MrNyarlathotep
Banned
Can you please explain this further? I do not understand your perspective here. A supplier being unable to supply at an equilibrium price would leave the market. How does artificially increasing the price make no one worse off (supposing the affected party is not compensated)?
I have not seen pareto efficiency used in this manner.
Classical supply and demand models cannot be applied to digital goods, because digital goods are neither homogenous nor supply limited; effectively every single title available though DD is grotesquely over supplied in market saturation.
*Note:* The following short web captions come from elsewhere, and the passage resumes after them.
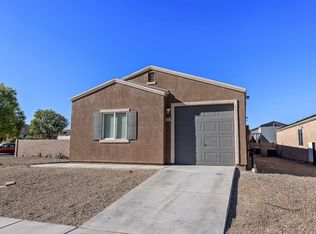7060 S Red Maids Dr, Tucson, AZ 85756
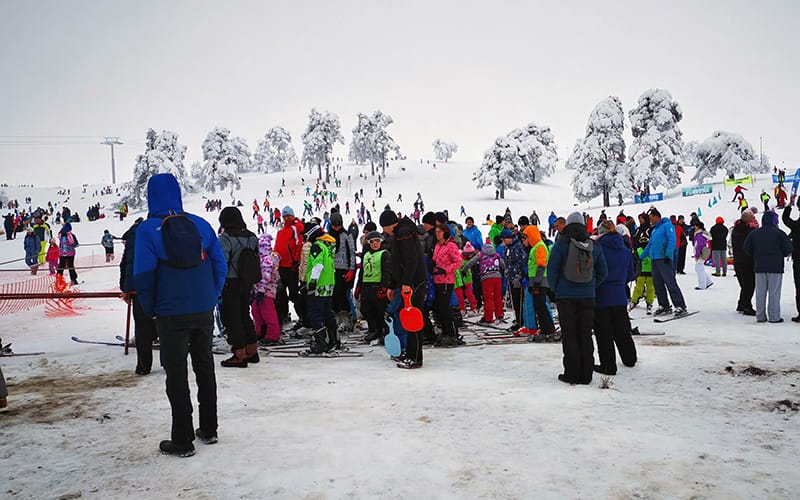 zlatibor-skijasi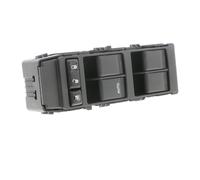 VEMO V33-73-0017 Window switch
The limiting factor for consumer adoption is time, not supplier availability (as noone can play everything).
What you currently see in the DD mobile market is closer to a nash competition game equilibrium, where the "winning" strategy (one that cannot be undercut by a rival) is to charge nothing; but this is a "strategic" result, not a naturally occurring free market result.
Given we know that there is a minimum marginal cost (iOS developer fees) for every product, and we also know titles are being 'sold' at below marginal cost, equilibrium cannot be maintained, because suppliers cannot run at a loss forever (and it doesn't make the headlines like a Neversoft closing does, but iOS developers are shut down weekly).
True pareto efficiency is a zero sum game, where you cannot make any gains that are not at the expense of a competitor; we can therefore see that there is not current competitive equilibrium, as pareto improvements are demonstrably still possible - any given successful supplier could choose to raise the price of their product and not negatively affect a competitor by doing so (in fact it would arguably benefit all suppliers to collude and do so).
In a competitive equilibrium (a sustainable market) with infinite supply of non-homogenous products by multiple independent (non-colluding) suppliers, price is naturally defined by marginal cost + fixed cost + profit margin, not by demand.
Pareto efficiency would be reached in that each consumer of title A would then not choose to consume title B, or vice versa (time being the only constraint on demand).
Where there is homogeneity of titles (2 extremely similar same genre titles) price would only be a determinate where one company has achieved greater cost efficiency but without any qualitative change to the product (for example a "Saints Row" is perceived to be similar to a "GTA" but of a lesser quality; a "Saints Row" and a "GTA" can compete where a consumer has time for both, or where the lesser quality product is cheaper. If consumers only have time for one title, and they are both equally priced, "Saints Row" is pushed out of the market.)